TASK PROMPT :: Your answer must be a single number: how many lines of the data include "Leather".

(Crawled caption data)
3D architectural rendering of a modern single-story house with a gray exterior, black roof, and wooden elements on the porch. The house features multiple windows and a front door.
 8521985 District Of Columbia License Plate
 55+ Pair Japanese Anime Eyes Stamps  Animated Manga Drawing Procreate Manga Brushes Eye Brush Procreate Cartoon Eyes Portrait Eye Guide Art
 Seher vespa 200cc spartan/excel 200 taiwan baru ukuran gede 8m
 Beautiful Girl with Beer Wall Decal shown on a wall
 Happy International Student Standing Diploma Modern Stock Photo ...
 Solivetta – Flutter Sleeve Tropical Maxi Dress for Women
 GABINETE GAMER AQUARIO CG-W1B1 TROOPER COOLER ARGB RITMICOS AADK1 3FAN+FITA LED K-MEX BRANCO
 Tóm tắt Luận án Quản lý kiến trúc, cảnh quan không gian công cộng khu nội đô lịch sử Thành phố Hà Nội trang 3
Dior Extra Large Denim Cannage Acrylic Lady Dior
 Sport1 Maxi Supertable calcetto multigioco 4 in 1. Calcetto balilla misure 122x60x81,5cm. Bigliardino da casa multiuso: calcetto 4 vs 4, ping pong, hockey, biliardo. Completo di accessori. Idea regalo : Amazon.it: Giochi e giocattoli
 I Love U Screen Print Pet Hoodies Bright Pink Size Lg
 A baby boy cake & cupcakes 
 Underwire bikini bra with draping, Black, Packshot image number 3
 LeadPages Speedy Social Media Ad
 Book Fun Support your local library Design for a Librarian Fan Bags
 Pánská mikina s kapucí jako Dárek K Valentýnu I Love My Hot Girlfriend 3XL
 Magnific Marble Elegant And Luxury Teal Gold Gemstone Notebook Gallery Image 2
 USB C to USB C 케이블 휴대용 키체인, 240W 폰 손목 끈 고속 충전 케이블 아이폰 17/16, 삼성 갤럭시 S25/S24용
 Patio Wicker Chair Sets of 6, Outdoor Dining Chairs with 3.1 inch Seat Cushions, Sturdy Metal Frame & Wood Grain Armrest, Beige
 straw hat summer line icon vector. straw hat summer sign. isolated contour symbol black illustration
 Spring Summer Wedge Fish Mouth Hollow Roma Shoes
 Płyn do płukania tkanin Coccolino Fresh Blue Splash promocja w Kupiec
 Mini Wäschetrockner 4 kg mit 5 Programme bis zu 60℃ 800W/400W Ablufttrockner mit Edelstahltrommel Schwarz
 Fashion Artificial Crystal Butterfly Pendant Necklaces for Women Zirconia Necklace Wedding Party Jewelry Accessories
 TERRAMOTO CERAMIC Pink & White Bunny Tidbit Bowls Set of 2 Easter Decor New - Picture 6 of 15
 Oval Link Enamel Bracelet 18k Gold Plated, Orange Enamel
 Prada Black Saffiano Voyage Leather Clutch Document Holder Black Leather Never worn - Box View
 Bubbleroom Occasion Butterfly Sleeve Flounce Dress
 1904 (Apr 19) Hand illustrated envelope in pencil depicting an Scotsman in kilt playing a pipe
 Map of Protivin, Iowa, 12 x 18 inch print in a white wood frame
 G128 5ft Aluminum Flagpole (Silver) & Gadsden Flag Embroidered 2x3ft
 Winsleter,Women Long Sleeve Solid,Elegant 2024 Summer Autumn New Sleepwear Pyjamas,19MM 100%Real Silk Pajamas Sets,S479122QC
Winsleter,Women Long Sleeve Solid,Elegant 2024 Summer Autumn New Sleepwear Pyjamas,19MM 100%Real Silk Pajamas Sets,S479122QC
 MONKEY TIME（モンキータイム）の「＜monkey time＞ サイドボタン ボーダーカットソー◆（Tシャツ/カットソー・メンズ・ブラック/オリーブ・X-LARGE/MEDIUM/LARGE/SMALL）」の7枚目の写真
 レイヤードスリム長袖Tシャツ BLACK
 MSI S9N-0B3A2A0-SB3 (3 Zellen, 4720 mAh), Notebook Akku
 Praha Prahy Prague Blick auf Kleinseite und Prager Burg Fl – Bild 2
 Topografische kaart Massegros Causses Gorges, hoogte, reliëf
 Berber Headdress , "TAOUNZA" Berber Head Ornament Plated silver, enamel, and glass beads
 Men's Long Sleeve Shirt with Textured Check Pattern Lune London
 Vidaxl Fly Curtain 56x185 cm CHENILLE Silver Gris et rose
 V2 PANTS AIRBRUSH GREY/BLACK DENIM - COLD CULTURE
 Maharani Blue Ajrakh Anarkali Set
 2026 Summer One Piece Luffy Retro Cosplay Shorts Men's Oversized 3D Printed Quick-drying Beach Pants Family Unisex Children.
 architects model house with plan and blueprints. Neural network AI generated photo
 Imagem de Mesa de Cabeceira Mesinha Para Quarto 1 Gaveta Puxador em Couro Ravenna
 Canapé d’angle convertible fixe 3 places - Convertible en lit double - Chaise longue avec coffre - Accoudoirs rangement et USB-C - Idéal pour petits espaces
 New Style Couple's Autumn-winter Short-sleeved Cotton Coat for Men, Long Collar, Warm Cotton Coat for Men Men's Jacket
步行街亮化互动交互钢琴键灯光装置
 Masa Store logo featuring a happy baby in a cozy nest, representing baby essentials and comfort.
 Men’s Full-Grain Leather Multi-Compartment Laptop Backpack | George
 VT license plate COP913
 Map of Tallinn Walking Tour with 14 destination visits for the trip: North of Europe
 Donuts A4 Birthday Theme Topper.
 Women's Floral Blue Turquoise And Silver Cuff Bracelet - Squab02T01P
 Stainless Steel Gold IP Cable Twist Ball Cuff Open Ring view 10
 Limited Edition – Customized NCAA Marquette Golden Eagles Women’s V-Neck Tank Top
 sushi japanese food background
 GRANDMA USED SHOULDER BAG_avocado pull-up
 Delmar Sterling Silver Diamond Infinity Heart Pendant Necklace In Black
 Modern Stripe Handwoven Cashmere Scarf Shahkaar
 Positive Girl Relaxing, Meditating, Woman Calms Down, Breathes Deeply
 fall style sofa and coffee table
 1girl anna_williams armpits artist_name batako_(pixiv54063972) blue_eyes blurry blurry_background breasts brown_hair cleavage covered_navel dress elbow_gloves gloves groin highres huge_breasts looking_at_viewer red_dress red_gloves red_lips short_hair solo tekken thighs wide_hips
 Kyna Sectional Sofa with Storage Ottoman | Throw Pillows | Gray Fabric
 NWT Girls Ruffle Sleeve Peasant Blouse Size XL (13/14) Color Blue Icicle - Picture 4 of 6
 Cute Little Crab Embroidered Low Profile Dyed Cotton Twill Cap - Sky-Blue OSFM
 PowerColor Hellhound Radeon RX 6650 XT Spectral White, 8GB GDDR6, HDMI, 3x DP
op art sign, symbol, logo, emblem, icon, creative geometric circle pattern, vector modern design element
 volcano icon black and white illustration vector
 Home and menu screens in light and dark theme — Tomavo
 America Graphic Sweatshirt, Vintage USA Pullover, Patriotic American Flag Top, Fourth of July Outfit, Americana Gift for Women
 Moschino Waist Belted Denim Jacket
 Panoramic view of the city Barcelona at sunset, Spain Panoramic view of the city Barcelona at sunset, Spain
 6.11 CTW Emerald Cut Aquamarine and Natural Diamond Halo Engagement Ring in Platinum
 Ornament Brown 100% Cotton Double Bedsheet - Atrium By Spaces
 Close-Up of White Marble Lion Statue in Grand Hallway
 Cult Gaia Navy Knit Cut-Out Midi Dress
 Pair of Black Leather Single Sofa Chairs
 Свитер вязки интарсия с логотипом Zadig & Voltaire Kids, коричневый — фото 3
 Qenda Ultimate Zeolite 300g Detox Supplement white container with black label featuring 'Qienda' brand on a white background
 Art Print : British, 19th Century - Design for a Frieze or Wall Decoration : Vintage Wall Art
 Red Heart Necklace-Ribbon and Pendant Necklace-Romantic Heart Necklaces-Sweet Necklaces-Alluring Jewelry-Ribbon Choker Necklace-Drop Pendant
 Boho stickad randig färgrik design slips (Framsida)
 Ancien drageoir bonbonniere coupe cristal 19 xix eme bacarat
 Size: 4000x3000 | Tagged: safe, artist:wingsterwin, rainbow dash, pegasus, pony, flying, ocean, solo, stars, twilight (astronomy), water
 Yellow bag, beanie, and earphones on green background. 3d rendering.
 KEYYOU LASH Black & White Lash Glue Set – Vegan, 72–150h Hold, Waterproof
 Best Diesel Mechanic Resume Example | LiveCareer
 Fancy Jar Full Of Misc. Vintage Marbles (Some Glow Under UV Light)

OUTPUT BELOW :: 3